Department of Epidemiology, Gillings School of Global Public Health, University of North Carolina, 123 W. Franklin St., Chapel Hill, NC 27517, USA; Epidemiology Branch, National Institute of Environmental Health Sciences, 111 TW Alexander Dr, Research Triangle Park, NC 27709, USA.
Epidemiology Branch, National Institute of Environmental Health Sciences, 111 TW Alexander Dr, Research Triangle Park, NC 27709, USA.
Environ Int. 2023 Nov;181:108270. doi: 10.1016/j.envint.2023.108270. Epub 2023 Oct 17.
DNA methylation-based measures of biological aging have been associated with air pollution and may link pollutant exposures to aging-related health outcomes. However, evidence is inconsistent and there is little information for Black women.
We examined associations of ambient particulate matter <2.5 μm and <10 μm in diameter (PM and PM) and nitrogen dioxide (NO) with DNA methylation, including epigenetic aging and individual CpG sites, and evaluated whether associations differ between Black and non-Hispanic White (NHW) women.

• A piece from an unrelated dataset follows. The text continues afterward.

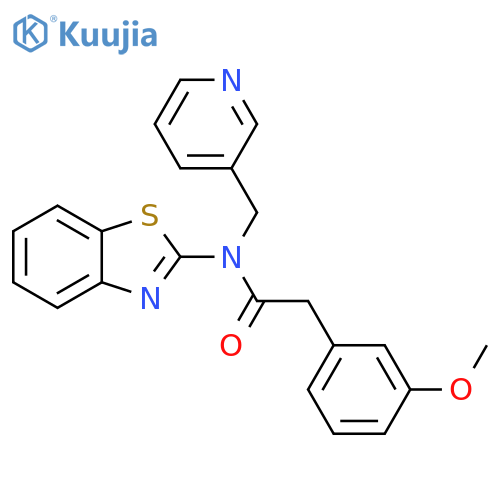 N-(1,3-benzothiazol-2-yl)-2-(3-methoxyphenyl)-N-(pyridin-3-yl)methylacetamide structure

Validated models were used to estimate annual average outdoor residential exposure to PM, PM, and NO in a sample of self-identified Black (n=633) and NHW (n=3493) women residing in the contiguous US. We used sampling-weighted generalized linear regression to examine the effects of pollutants on six epigenetic aging measures (primary: DunedinPACE, GrimAgeAccel, and PhenoAgeAccel; secondary: Horvath intrinsic epigenetic age acceleration [EAA], Hannum extrinsic EAA, and skin & blood EAA) and epigenome-wide associations for individual CpG sites. Wald tests of nested models with and without interaction terms were used to examine effect measure modification by race/ethnicity.

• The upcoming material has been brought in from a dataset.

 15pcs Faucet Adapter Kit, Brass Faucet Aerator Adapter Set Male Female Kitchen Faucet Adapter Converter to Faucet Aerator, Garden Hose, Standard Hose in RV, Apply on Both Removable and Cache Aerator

Black participants had higher median air pollution exposure than NHW participants. GrimAgeAccel was associated with both PM and NO among Black participants, (Q4 versus Q1, PM: β=1.09, 95% CI: 0.16-2.03; NO: β=1.01, 95% CI 0.08-1.94) but not NHW participants (p-for-heterogeneity: PM=0.10, NO=0.20). In Black participants, we also observed a monotonic exposure-response relationship between NO and DunedinPACE (Q4 versus Q1, NO: β=0.029, 95% CI: 0.004-0.055; p-for-trend=0.03), which was not observed in NHW participants (p-for-heterogeneity=0.09). In the EWAS, pollutants were significantly associated with differential methylation at 19 CpG sites in Black women and one in NHW women.
In a US-wide cohort study, our findings suggest that air pollution is associated with DNA methylation alterations consistent with higher epigenetic aging among Black, but not NHW, women.
基于 DNA 甲基化的生物年龄衡量指标与空气污染有关,可能将污染物暴露与与衰老相关的健康结果联系起来。然而,证据并不一致,而且针对黑人女性的信息很少。
我们研究了环境细颗粒物<2.5μm 和<10μm 直径(PM 和 PM)和二氧化氮(NO)与 DNA 甲基化的关联,包括表观遗传衰老和个体 CpG 位点,并评估了这些关联在黑人女性和非西班牙裔白人(NHW)女性之间是否存在差异。
在一个自我认定的黑人(n=633)和 NHW(n=3493)女性的样本中,使用经过验证的模型来估计户外住宅的年平均 PM、PM 和 NO 暴露。我们使用采样加权广义线性回归来研究污染物对六种表观遗传衰老衡量指标的影响(主要指标:邓迪表观遗传年龄加速(DunedinPACE)、GrimAgeAccel 和 PhenoAgeAccel;次要指标:Horvath 内在表观遗传年龄加速(EAA)、Hannum 外在 EAA 和皮肤和血液 EAA)以及单个 CpG 位点的全基因组关联。使用包含和不包含交互项的嵌套模型的 Wald 检验来检查种族/民族的效应修正。
黑人参与者的平均空气污染物暴露量高于 NHW 参与者。在黑人参与者中,GrimAgeAccel 与 PM 和 NO 均有关联(Q4 与 Q1 相比,PM:β=1.09,95%CI:0.16-2.03;NO:β=1.01,95%CI:0.08-1.94),但 NHW 参与者没有(p 异质性=0.10,NO=0.20)。在黑人参与者中,我们还观察到 NO 与 DunedinPACE 之间存在单调的暴露-反应关系(Q4 与 Q1 相比,NO:β=0.029,95%CI:0.004-0.055;p 趋势=0.03),而 NHW 参与者则没有(p 异质性=0.09)。在 EWAS 中,污染物与黑人女性 19 个 CpG 位点和一个 NHW 女性的差异甲基化显著相关。
在一项美国范围内的队列研究中,我们的研究结果表明,空气污染与黑人女性而非 NHW 女性的 DNA 甲基化改变有关,这些改变与更高的表观遗传衰老一致。